Phrases like “data-driven decision-making” are a subtle form of magic, because they oversell the data, implying that decisions will be easy-peasy once we have the right analysis in hand. I don’t think that’s true except in rare cases. Another bit of magic is a data warehouse advertised as “once source of Truth.” The philosophers have worked on the problem for over two thousand years and still don’t know what Truth is.
Proposed Solution
As I’ll explore below, the idea is to avoid data junk food, but also avoid magical solutions. This means being sophisticated, but also transparent about limitations. Ideally this presents decision-makers with the right level of analysis, so they can use their best judgment on it. There’s a plot twist to this that involves Daniel Kahneman, which I’ll come to later.
The Flaw of Averages
The main way we oversimplify a data summary is by using averages or proportions (a proportion is just the average of a binary variable). This presentation isn’t to discourage you from using averages, but to open up a new way to think about them that can unlock a trick for communicating to the leadership. There’s actually a book called The Flaw of Averages, which gives examples of an analysis going terribly wrong through a chain of reasoning that uses averaging throughout, instead of considering the whole distribution of each variable. This problem stems from the limited extrapolations we can draw from averages. For example, the average of \({1,2,3, 4, 5}\) is 3, and if we square that we get 9. But if we first square each of the numbers and then take the average, we get 11 instead. The point is that simple numerical transformations on a column of data won’t be reflected in an average or proportion in an intuitive way1. This includes multiplying variables.

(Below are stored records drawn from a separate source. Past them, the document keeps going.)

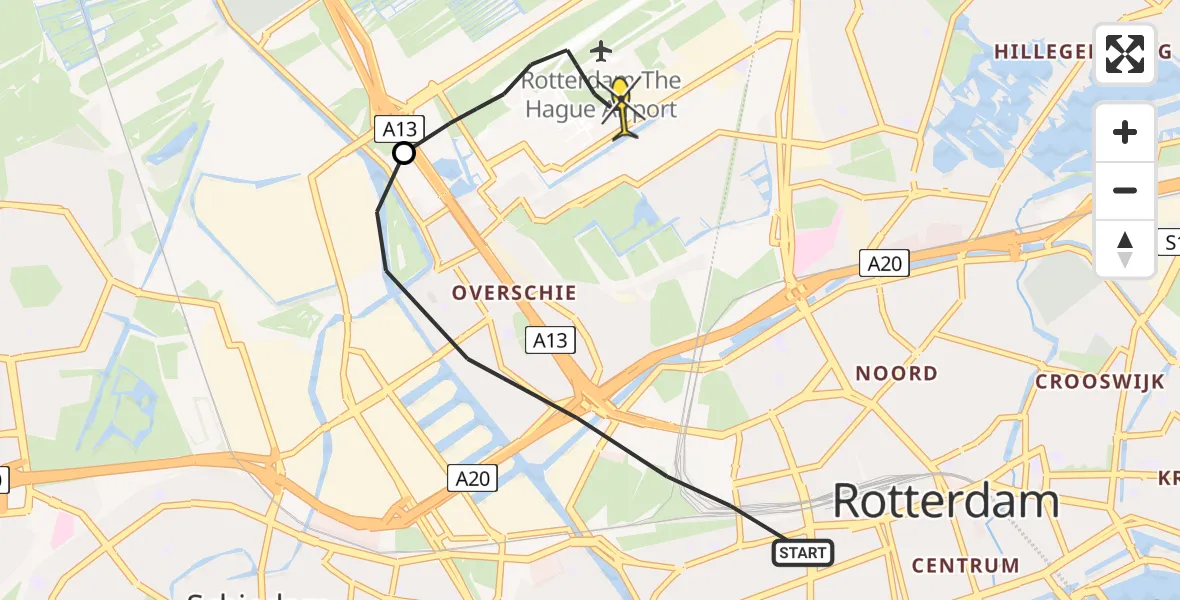 Routekaart van de vlucht: Lifeliner 2 naar Rotterdam The Hague Airport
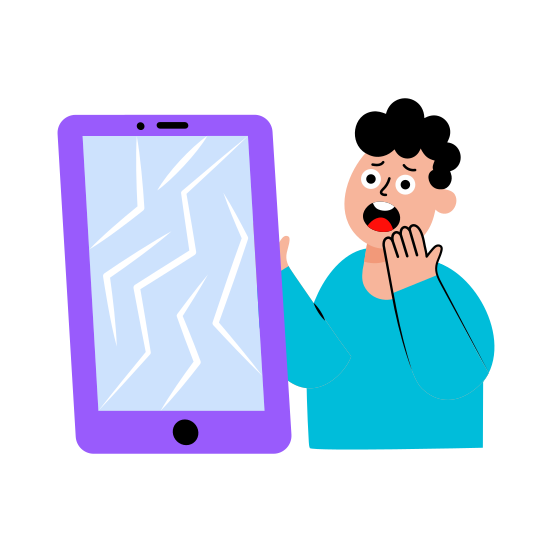 Cracked Mobile, Broken, Malfunction, Damaged, Breakdown, illustration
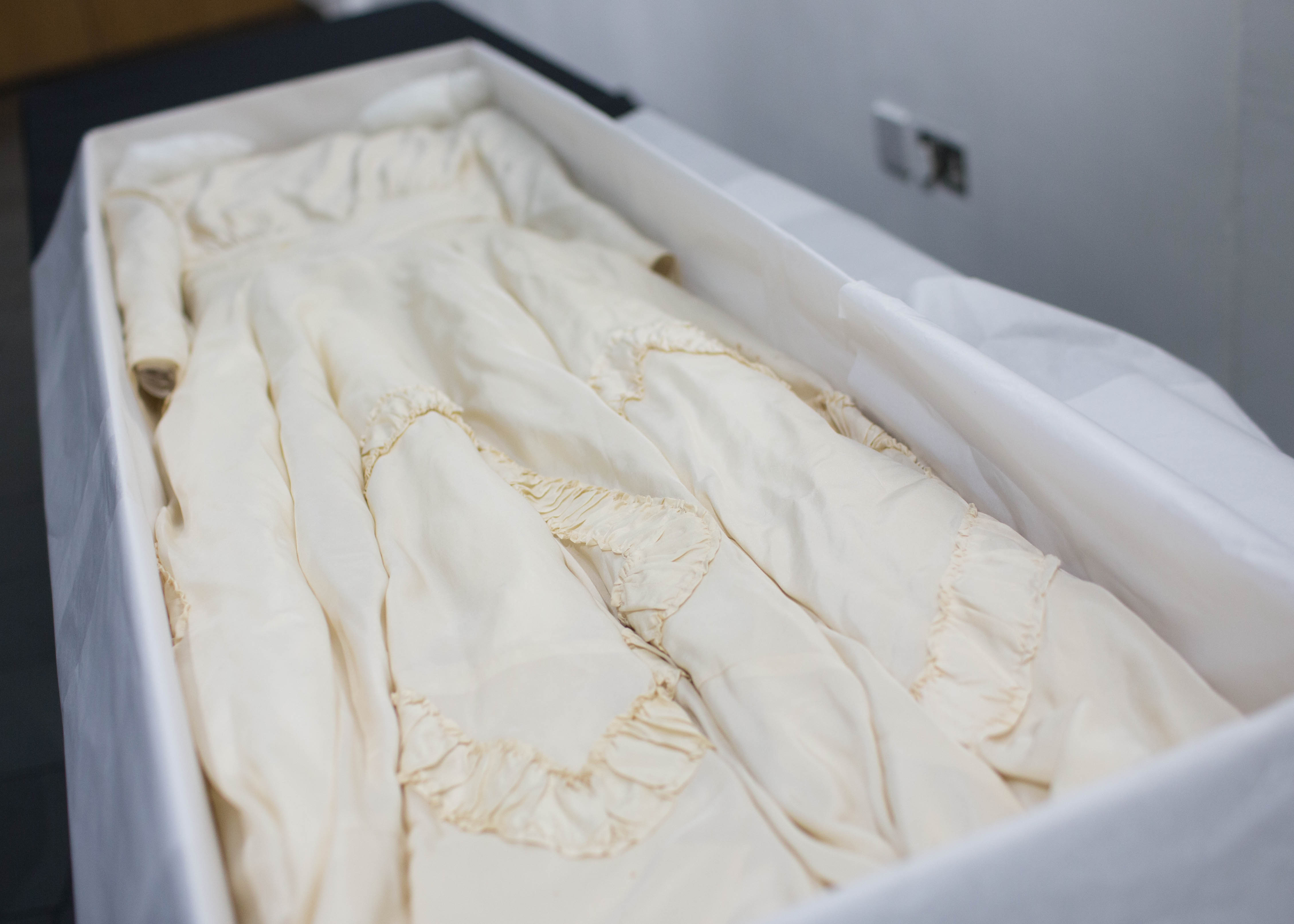 Gena Turgel's wedding dress, made from parachute silk (Credit: Daniel Morris)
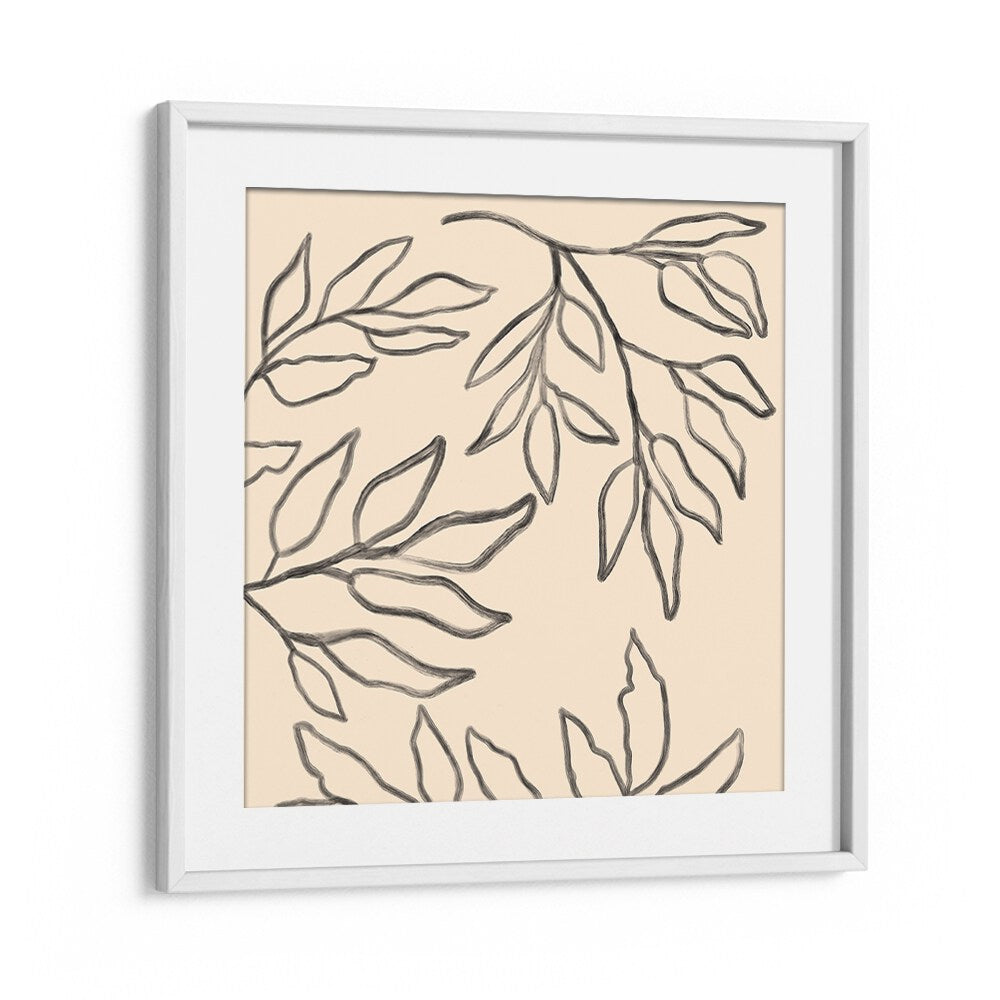Stylish BOTANICAL ABSTRACT IV, FLORAL FLOWER PAINTINGS showcasing elegant leaves on a soft background, perfect for decor.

It’s natural to think that if we have two variables, \(X\) and \(Y\), then the average of their product is the product of their averages. For example, we might predict next year’s revenue by multiplying predicted student enrollment by the average tuition revenue. But if enrollment and revenue are correlated at the student level, this calculation will be biased. For example, if students who pay more are more likely to drop out, then the average revenue will be lower than the product of the averages. To account for these complexities, we need a more sophisticated understanding of how enrollment and revenue interact than simple averages.
Beyond the mathematical issues with using averages, the degree of data compression in calculating an average is often too limiting for decision-making. That’s because effective decisions rely on answers to “why” questions, and averages don’t answer those. For example, if we take the average GPA of first-year students, we can say that the average is 3.0, but we can’t say why it’s 3.0. We can only say that some students earned a 4.0, some earned a 2.0, and so on. Beyond that is a mystery.

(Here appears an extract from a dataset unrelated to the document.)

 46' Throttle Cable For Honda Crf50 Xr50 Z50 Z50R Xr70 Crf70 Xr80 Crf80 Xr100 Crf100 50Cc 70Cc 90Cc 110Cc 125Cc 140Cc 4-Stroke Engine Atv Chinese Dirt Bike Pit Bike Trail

Lurking behind the average is some interesting story, or lots of them. For example, maybe if we looked more closely we’d find that students admitted with weaker credentials tend to pick easier courses and easier majors. Maybe we’d see changes in grading patterns over time that can’t be explained by student characteristics. Maybe the course sequence from Calculus 1 to Calculus 4 shows grade patterns that don’t make sense, like students earning an A in the first course who fail the second. We might wonder about things like the relationship between sense of belonging on campus (via surveys) and grades, or work-study and grades, or financial pressures and grades. These are all examples of useful questions we could ask, but they can’t be answered with simple averages.
The important step is to think in terms of models that specify a relationship between the original data and our summary of it. If we take an average of first year grades, the number we get answers the following model question. “Suppose all students earned the grades the first year. What (common) grade did they earn?” The model is to assume that the data distribution takes on a single value. If we ask for the average age of a first-year student at a residential college, that model isn’t terrible, since most students will be 18 years old. But in most cases, this model is oversimplified. The go-to upgrade is a regression analysis.
Regression
It’s easy to think of linear (or other) regression as a special technique with a lot of fiddly tests we have to apply. This unfortunate idea is often learned in graduate school, and it’s what we see in journals: lots of ritual that amounts to another kind of magic. I’d like to encourage you to think of regression as the main tool for analysis for most problems. Use it reflexively. Do regression all day long, until you’re so comfortable with the process of preparing data, trying out models, and interpreting results that it’s second nature. This is the skill you’ll need to graduate from junk food models. The bonus is that it’s quite easy to do in R; most of the work is prepping the data.
An average is just a very simple regression model. If we take the numbers from 1 to 5 and average them, we get 3. We’re asking the model question “if all the numbers are the same, what’s that unique value?” Expressed as a regression model in math terms, this is
\[ y_i = \beta + \varepsilon_i \]
where \(y_i\) is the data we’re modeling (a column in a data sheet, usually), so that \(y_1 = 1, y_2 = 2, ...\) . The \(\beta\) is a constant, that is a fixed number (the average) that is to be estimated and represents our model of the data. The last term, \(\varepsilon_i\) is to hedge our bets, in case the model doesn’t exactly match the data. If the numbers aren’t all the same, there will be a mismatch between the model and the data, so the \(\varepsilon_1\) is the error that captures the difference between the first data point and the predicted value. We can think of the \(\varepsilon_i\) as the a term for “other causes we can’t explain.”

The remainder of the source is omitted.